Question

In Exercises \(53-66,\) make a \(u\) -substitution and integrate from \(u(a)\) to \(u(b) .\) $$\int_{0}^{3} \sqrt{y+1} d y$$

Short answer

The result of the integral is \(\frac{14}{3}\).

Step-by-step solution

Make the u-substitution

Let's start with making the substitution \(u=y+1\). This should simplify the function into a form that is easier to integrate. Remember to also calculate the differential \(du\). It will be \(du=dy\).

Adjust the limits of integration

After this substitution, adjust the limits of integration. Initially, when \(y=0\), we now have \(u=0+1=1\). And when \(y=3\), we get \(u=3+1=4\), where \(u\) is our limits or bounds for \(u\).

Replace in the integral and integrate

Now we replace all variables in the integral. So, from \(\int_{0}^{3} \sqrt{y+1}\, dy\) it now becomes \(\int_{1}^{4} \sqrt{u}\, du\). Now, we can easily calculate this integral. The integral of \(\sqrt{u}\) is \(\frac{2}{3}u^{3/2}\). Applying the limits we get \[\frac{2}{3}u^{3/2}\bigg|_{1}^{4} = \frac{2}{3}*(4^{3/2}) - \frac{2}{3}*(1^{3/2})\]

Simplify the result

Finally, we can simplify those expressions to get the final result. So the result will be \(\frac{2}{3}*8 - \frac{2}{3}*1 = \frac{16}{3} - \frac{2}{3} = \frac{14}{3}\).

Key concepts

Definite Integral

A definite integral is a fundamental concept in calculus, which provides a way to calculate the accumulated total of a function over a certain interval. The concept of the definite integral can be thought of as the 'net area' under a curve from one point to another.
To calculate a definite integral, you need to identify two main elements: the function to be integrated (known as the integrand) and the limits of integration (the two points that define the interval over which we integrate). The notation \(\int_{a}^{b} f(x)\, dx\) designates the integral of the function f(x) with respect to x, from the lower limit a to the upper limit b.
For instance, in our exercise, the definite integral is expressed as \(\int_{0}^{3} \sqrt{y+1}\, dy\), where the function inside the integral sign is \(\sqrt{y+1}\), and the interval is from y = 0 to y = 3. When calculated, this definite integral represents the total 'area' under the curve of \(\sqrt{y+1}\) between these limits.

Integration by Substitution

Integration by substitution is a method used to simplify an integral by changing the variable of integration to make the function easier to integrate. It is sometimes called 'u-substitution.' This technique is particularly useful when dealing with functions that are compositions of other functions.

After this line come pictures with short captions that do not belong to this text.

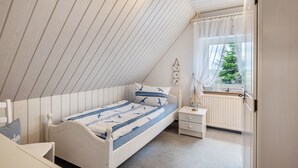 A bedroom with a sloped ceiling, a bed with a blue and white bedspread, a bedside table with a lamp, and a window with a view of greenery. - Apartment 'Ella Walter, Kiek Ut' with Private Terrace, Shared Garden and Wi-Fi (Nordstrand)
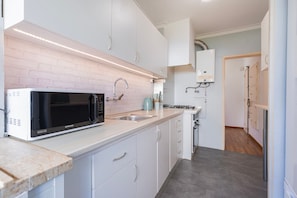 A modern kitchen with white cabinets, a black microwave, and a stainless steel sink. - Apartment 'Lisbon Oceanside' (Carcavelos)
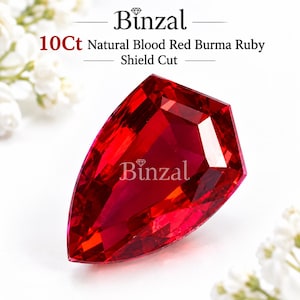 Op de afbeelding: Een 10 karaat natuurlijke bloedrode Birma robijn met een schildslijpvorm. De edelsteen heeft een gefacetteerd oppervlak en wordt getoond met de tekst Binzal 10Ct Natural Blood Red Burma Ruby Shield Cut erboven en de merknaam Binzal op de steen.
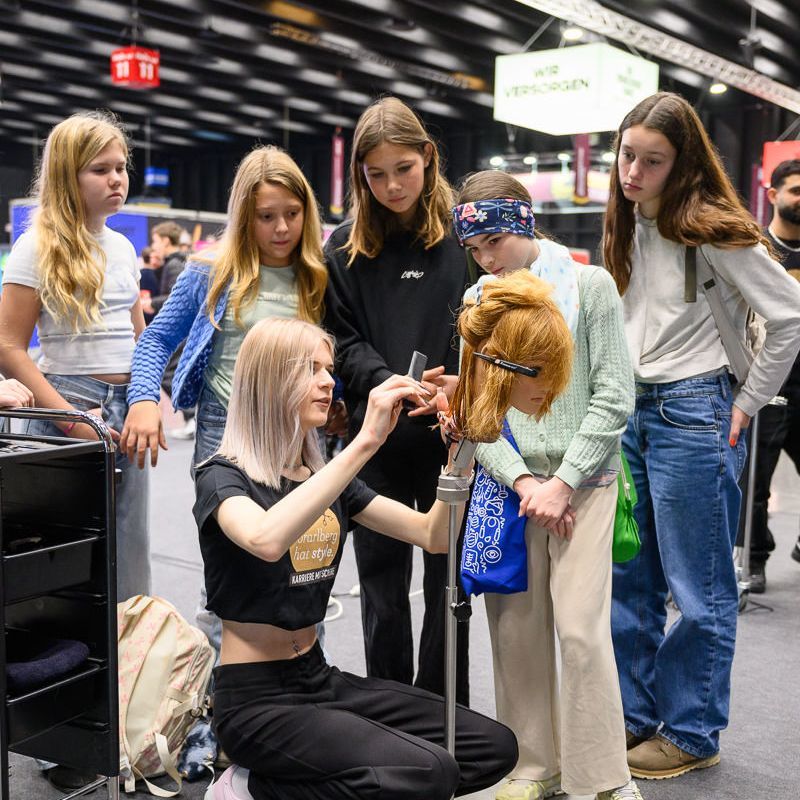 Ein Teenager mit Mütze und Jacke lächelt und steht bei einer Veranstaltung neben einer farbenfrohen Roboterausstellung.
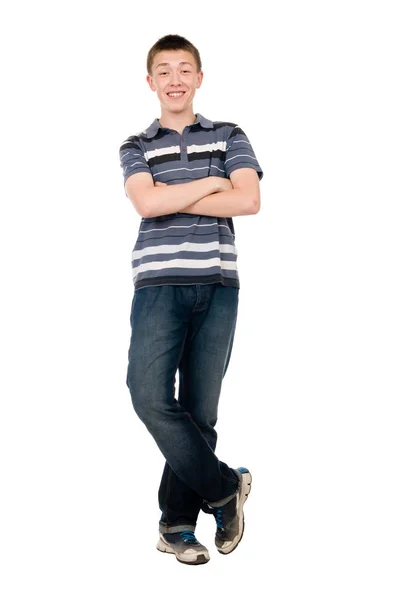 Cheerful young man with arms crossed in full growth isolated over a white — Stock Photo, Image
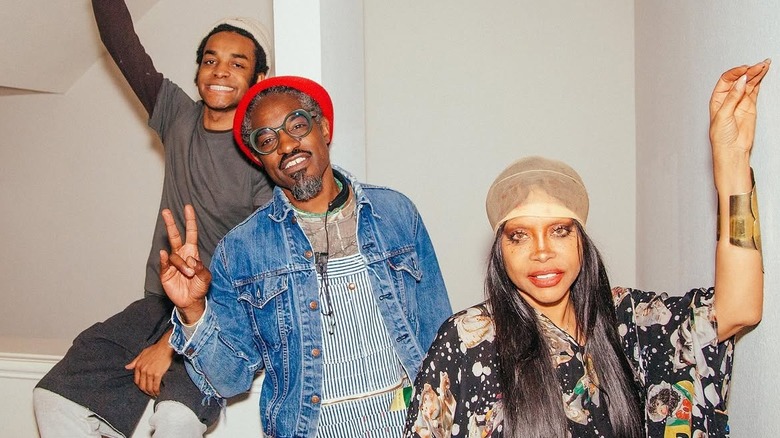 Seven Benjamin, André 3000, and Erykah Badu posing for a photo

Steps for Performing U-Substitution:

• Select a substitution that simplifies the integrand. Often, we try to find a function inside the integrand whose derivative is also present.
• Determine the differential of the substitution. This means calculating du in terms of dx (or whatever variable you are using).
• Rewrite the integral in terms of the new variable u and du.
• Perform the integration with respect to u.
• Substitute back to the original variable if necessary or directly compute the result if the new limits in terms of u are used.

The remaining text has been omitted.